[Buddha-l] Perhaps the Buddhists in Korea have finally had it?

Curt Steinmetz curt at cola.iges.org
Thu Oct 16 10:01:17 MDT 2008


In my opinion this is potentially the best thing that could happen in 
Korea. Aggressive Christian intolerance requires an aggressive and 
unapologetic response in the form of a mass movement to protect Korea's 
traditional religious diversity and tolerance. Buddhists should make 
every effort to welcome Christians and everyone else in a broad movement 
to protect religious freedom.

The article implies that such an aggressive response to a Christian 
president abusing his power is bad because it means that "religious 
peace is threatened" - BUT if the Christian president abuses his power 
AND NO ONE SEEMS TO MIND then that would be better because it would 
maintain "religious harmony"!

Another thing that the article gets wrong is that there are Christians 
on both sides.
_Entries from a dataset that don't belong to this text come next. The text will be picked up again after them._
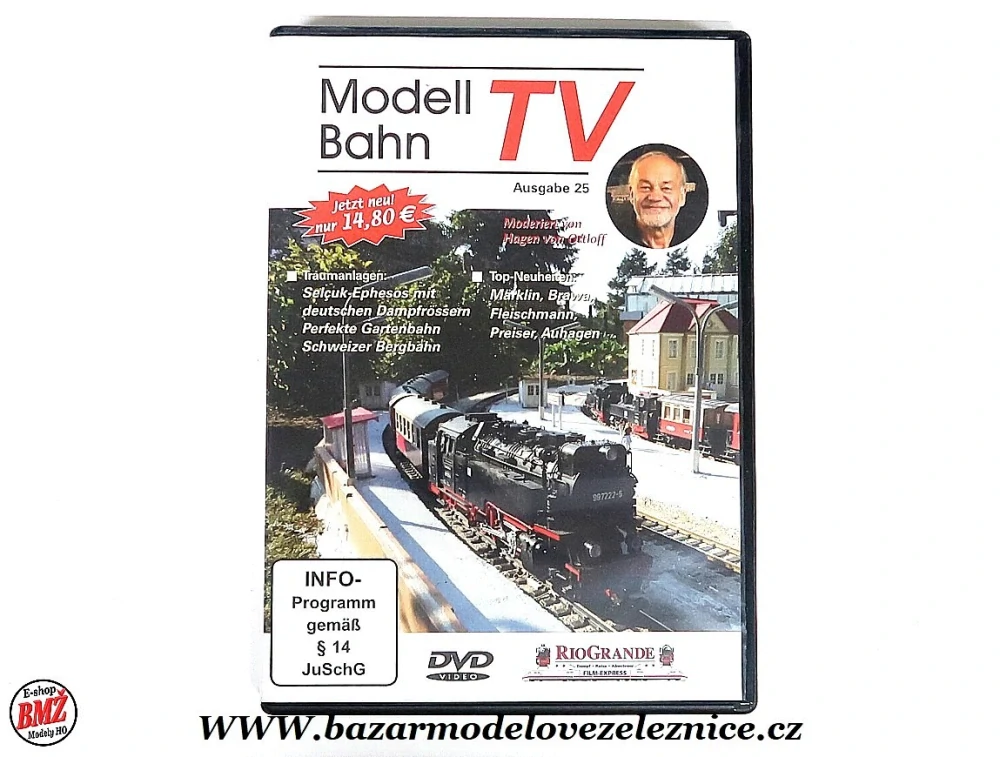 DVD - Model Bahn č.25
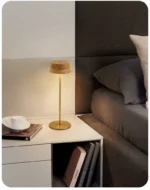 Latest Products Market Rechargeable Small LED Table Lamp for Restaurant Desk Lamps - Image 5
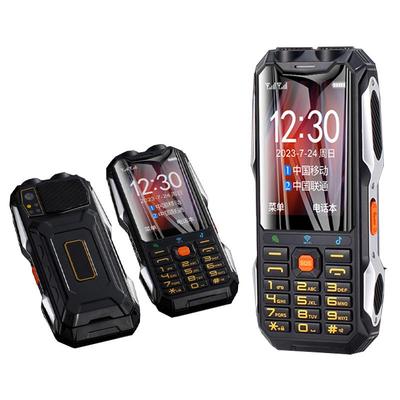 YEEMI Q9+ 4G смартфон 3,5 дюйма 5400 мАч WIFI Bluetooth фонарик камера две SIM-карты две кнопки ожидания мобильный телефон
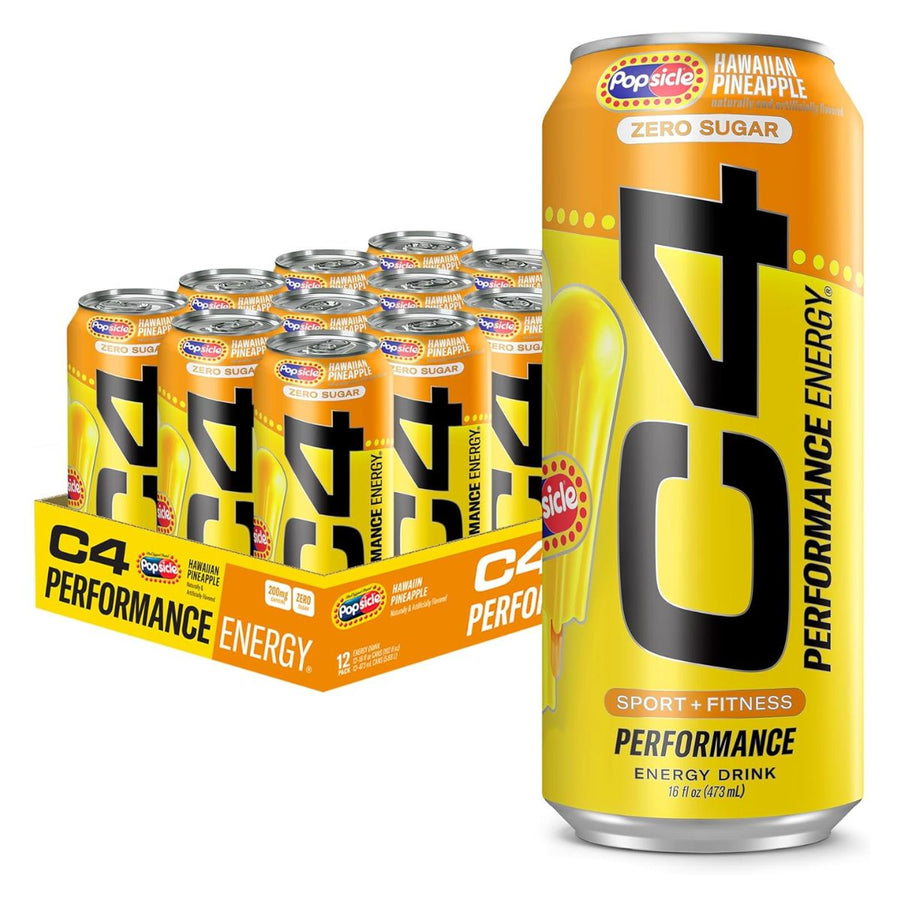 Cellucor C4 Performance Energy Drink x Popsicle®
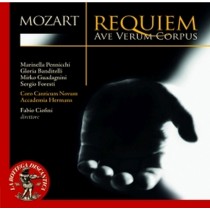 Requiem K 626, Ave Verum Corpus K 618  MOZART WOLFGANG AMADEUS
Many Catholics have allied themselves with the Buddhists 
in the current conflict. Evangelicals like Lee see Catholics as just as 
"demonic" as Buddhists.

The article claims that "Christians were active in the fight for 
democracy the decades of military rule" - but then also mentions, 
several paragraphs later, that "Syngman Rhee, the nation's dictatorial 
founding president [was] also a Protestant"! And the article fails to 
mention that prior to that time, during the decades of foreign military 
occupation, Buddhists "were active in" the national liberation struggle 
against the Japanese - not to mention the fact that Buddhists strongly 
opposed the totalitarian Communists during the Korean War.

The article also fails to mention the long history of arson attacks by 
Christians against Buddhist Temples in Korea.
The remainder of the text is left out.